Assigned task -
Among the entries below, take the line with "Plug socket strip: protective" and the line with "Kanie,Japan Elevation Map", and output them and every line between them exactly, with nothing else.

:: Supplied material

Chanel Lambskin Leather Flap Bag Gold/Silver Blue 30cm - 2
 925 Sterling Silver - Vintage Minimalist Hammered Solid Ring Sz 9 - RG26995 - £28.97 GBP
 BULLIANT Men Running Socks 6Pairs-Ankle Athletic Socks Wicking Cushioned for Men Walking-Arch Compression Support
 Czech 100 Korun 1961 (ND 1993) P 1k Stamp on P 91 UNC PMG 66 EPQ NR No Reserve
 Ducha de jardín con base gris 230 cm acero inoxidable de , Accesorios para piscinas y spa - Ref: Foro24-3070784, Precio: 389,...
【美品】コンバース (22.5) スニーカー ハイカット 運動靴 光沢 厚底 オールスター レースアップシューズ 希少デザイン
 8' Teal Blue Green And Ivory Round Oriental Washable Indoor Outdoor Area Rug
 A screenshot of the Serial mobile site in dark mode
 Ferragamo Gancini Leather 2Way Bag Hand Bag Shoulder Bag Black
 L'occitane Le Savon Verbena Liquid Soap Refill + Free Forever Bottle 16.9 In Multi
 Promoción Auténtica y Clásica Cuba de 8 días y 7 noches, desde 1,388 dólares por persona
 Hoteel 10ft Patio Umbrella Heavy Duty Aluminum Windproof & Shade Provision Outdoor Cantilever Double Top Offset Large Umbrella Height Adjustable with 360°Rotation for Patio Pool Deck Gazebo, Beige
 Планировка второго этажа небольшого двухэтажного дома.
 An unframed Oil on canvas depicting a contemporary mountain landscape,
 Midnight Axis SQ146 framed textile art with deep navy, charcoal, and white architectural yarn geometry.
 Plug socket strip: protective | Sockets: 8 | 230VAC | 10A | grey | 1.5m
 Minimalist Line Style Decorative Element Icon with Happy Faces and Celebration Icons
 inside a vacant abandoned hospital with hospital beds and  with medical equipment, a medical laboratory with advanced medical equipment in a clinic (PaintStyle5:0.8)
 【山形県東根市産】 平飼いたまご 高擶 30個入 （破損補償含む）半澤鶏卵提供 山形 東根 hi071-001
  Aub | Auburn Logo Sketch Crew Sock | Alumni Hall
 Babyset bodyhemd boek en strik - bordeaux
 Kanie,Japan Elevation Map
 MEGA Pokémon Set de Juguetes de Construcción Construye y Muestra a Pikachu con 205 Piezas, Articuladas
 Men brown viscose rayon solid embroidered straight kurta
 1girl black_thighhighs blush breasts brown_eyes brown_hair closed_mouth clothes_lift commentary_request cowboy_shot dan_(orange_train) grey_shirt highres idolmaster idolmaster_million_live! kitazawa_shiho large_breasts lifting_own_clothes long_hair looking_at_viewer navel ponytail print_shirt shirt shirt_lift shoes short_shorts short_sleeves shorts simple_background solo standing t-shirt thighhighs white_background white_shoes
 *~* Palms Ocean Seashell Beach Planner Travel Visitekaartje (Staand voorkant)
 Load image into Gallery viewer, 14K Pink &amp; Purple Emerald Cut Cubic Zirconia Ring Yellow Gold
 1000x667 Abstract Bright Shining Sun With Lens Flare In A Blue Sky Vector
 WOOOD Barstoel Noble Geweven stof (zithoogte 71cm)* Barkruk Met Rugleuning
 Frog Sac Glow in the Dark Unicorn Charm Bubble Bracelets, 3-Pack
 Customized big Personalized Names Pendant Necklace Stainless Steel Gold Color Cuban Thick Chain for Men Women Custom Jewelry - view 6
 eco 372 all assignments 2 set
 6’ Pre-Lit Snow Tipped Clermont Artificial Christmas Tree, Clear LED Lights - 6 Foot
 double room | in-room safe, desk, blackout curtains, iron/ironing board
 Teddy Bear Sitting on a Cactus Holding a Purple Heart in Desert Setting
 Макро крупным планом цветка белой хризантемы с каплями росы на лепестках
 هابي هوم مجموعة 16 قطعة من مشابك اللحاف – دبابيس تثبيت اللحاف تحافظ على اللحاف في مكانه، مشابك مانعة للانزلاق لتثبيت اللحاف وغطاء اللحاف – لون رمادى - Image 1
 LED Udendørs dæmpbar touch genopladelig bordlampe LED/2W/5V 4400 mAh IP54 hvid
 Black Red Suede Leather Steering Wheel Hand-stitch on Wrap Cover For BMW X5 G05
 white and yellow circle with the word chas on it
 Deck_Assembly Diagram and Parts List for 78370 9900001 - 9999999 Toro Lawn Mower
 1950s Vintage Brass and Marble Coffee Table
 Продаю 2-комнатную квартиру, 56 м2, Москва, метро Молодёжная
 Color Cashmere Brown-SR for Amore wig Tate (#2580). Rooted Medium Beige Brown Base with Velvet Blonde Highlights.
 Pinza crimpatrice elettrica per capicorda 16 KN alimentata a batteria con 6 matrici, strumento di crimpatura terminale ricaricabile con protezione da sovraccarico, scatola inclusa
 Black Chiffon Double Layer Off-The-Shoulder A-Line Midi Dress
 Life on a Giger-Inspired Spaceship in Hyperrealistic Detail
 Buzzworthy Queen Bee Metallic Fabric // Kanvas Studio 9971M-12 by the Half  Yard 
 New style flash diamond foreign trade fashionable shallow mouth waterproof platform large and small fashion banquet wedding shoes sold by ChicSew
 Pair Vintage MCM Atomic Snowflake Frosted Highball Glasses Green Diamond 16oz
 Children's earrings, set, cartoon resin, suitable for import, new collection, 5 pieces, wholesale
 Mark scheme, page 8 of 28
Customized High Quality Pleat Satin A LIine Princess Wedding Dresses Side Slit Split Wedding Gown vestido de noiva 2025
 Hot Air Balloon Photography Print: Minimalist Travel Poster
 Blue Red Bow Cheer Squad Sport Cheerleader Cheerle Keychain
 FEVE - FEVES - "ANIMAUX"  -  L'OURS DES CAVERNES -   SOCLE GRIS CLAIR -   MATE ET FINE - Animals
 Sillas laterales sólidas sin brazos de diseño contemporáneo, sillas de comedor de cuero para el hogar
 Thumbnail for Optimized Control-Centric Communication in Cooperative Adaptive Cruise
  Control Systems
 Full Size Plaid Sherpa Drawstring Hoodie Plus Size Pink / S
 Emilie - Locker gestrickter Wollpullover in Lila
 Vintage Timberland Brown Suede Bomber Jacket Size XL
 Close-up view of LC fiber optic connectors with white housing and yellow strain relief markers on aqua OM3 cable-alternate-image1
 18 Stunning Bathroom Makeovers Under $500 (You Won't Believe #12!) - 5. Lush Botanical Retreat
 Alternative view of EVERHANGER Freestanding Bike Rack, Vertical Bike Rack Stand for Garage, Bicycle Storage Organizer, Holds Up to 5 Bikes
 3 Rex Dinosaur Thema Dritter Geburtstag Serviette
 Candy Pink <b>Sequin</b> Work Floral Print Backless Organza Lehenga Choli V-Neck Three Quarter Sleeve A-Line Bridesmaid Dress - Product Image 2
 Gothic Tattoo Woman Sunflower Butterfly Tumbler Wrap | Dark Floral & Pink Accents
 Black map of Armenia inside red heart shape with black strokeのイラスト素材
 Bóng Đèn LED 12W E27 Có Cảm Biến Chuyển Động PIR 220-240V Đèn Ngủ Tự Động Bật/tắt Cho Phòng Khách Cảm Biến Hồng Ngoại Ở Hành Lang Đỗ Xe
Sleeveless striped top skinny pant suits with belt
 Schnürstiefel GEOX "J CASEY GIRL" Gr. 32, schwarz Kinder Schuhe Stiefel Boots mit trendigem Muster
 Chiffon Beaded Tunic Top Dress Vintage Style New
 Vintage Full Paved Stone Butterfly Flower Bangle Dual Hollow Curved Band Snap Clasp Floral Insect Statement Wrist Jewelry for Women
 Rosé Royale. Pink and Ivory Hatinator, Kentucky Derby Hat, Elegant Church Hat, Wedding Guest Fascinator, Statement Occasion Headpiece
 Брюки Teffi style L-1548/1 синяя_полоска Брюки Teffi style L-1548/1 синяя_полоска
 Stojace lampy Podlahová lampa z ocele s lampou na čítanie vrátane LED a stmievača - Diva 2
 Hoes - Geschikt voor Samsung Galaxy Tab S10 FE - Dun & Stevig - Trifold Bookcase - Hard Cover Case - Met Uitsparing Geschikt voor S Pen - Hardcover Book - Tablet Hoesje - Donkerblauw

::::

Written answer -
 Plug socket strip: protective | Sockets: 8 | 230VAC | 10A | grey | 1.5m
 Minimalist Line Style Decorative Element Icon with Happy Faces and Celebration Icons
 inside a vacant abandoned hospital with hospital beds and  with medical equipment, a medical laboratory with advanced medical equipment in a clinic (PaintStyle5:0.8)
 【山形県東根市産】 平飼いたまご 高擶 30個入 （破損補償含む）半澤鶏卵提供 山形 東根 hi071-001
  Aub | Auburn Logo Sketch Crew Sock | Alumni Hall
 Babyset bodyhemd boek en strik - bordeaux
 Kanie,Japan Elevation Map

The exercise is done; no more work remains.